Richard Cade has said he’s seen several support groups, retreats, summits, and conferences for women, which is not a problem.

“I respect and admire that, but I’m striving to be a product of faith to our young men and fathers to help them understand the importance of their presence in the community, in their homes, in their churches,” he has said. “The Bible says in Proverbs 27:17 [NIV], ‘As iron sharpens iron, so one person sharpens another.’ I want to be a tool to get connected and uplift my fellow brothers.”

Cade, born and raised in Birmingham, founded The Man Project in 2015. His favorite

Richard Cade, founder of The Man Project mentoring program. (Amarr Croskey, The Birmingham Times)

quote is “God does not give us what we can handle. He helps us handle what we are given.”
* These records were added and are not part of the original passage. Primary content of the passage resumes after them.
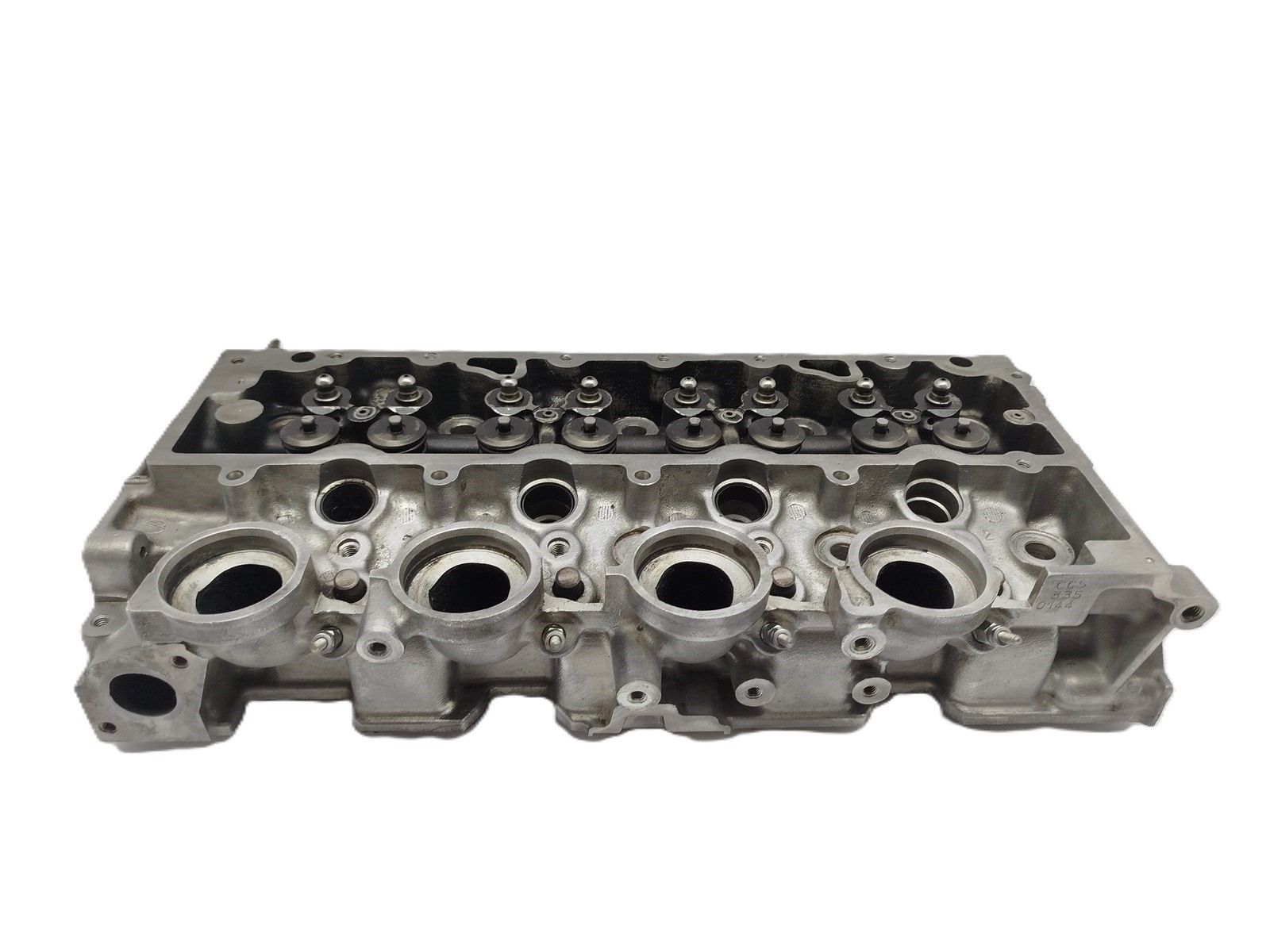 Sylinterikansi 9643477110 1,4 HDI 8v Peugeot Citroen 0200CN main product photo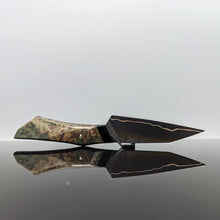 Load image into Gallery viewer, 100mm Paring knife | Handmade Kitchen Knives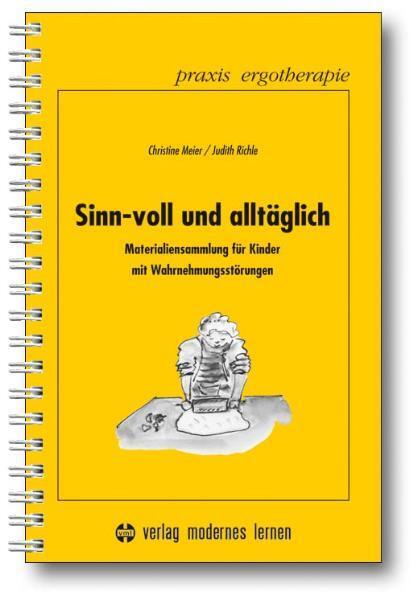 Thumbnail - Sinn-voll Und Alltäglich | Christine Meier, Judith Richle | 2019 |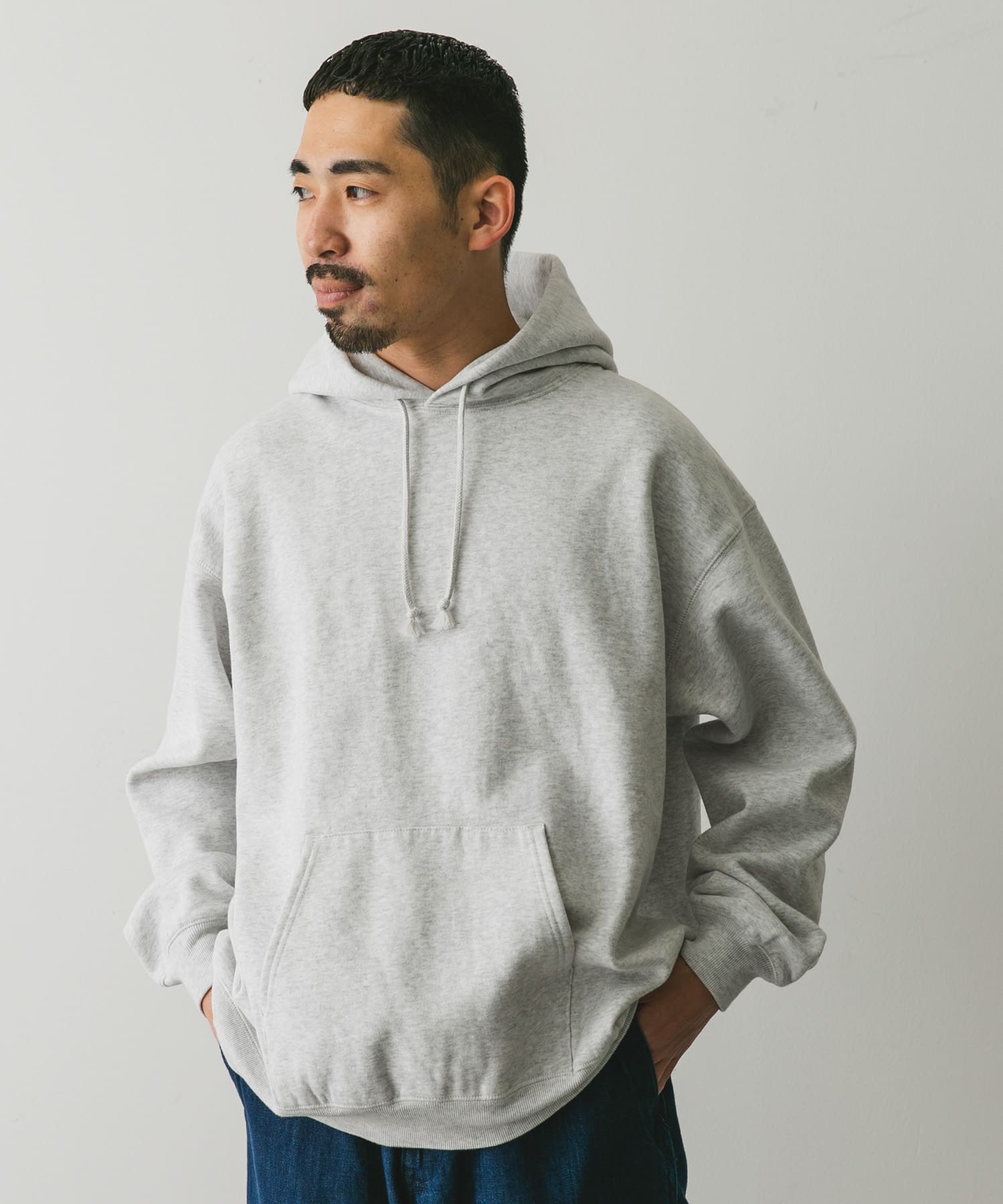 身長：168cm サイズ：L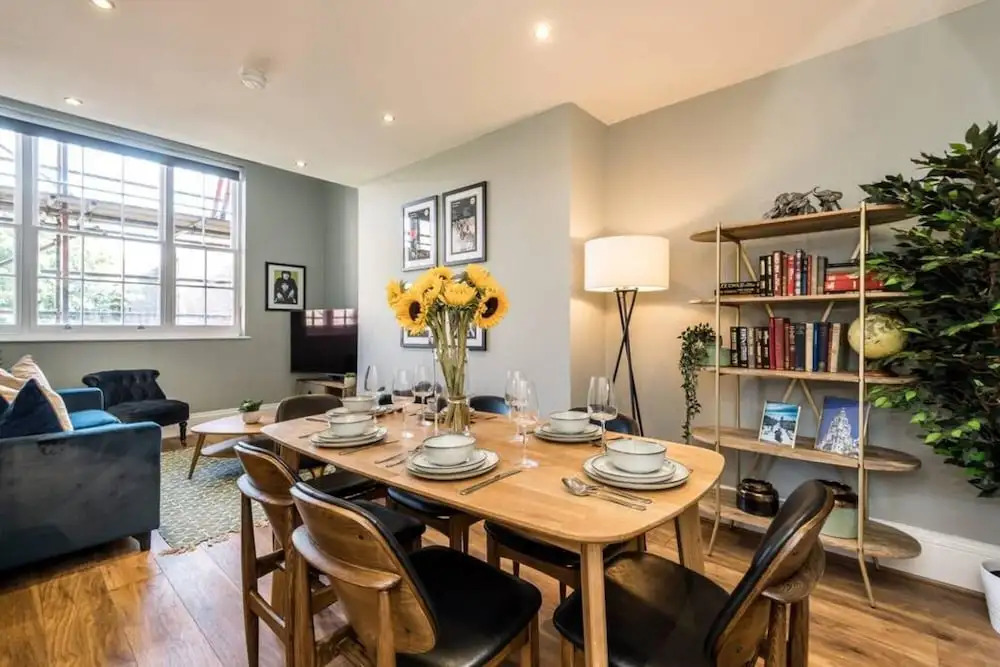 Host & Stay - The Georgian Quarter at Catharine House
“I truly believe that The Man Project mentorship program can produce two types of men: profitable and productive,” Cade said of the organization, which caters to males from age 10 well into adulthood. “[It provides] leadership development for sustainability throughout their lives, which means they are ready to achieve their goals, assist their colleagues, and understand how their roles can make a difference in the community and in their own futures.”

Cade told Birmingham author Chandra Sparks Splond in an interview, “I have always been committed to sharing my life experiences to help others, but especially to help young men avoid making poor life choices. … Our program is here to help encourage and inspire men, to push them to be the best they can be in their homes, work, school, and community.”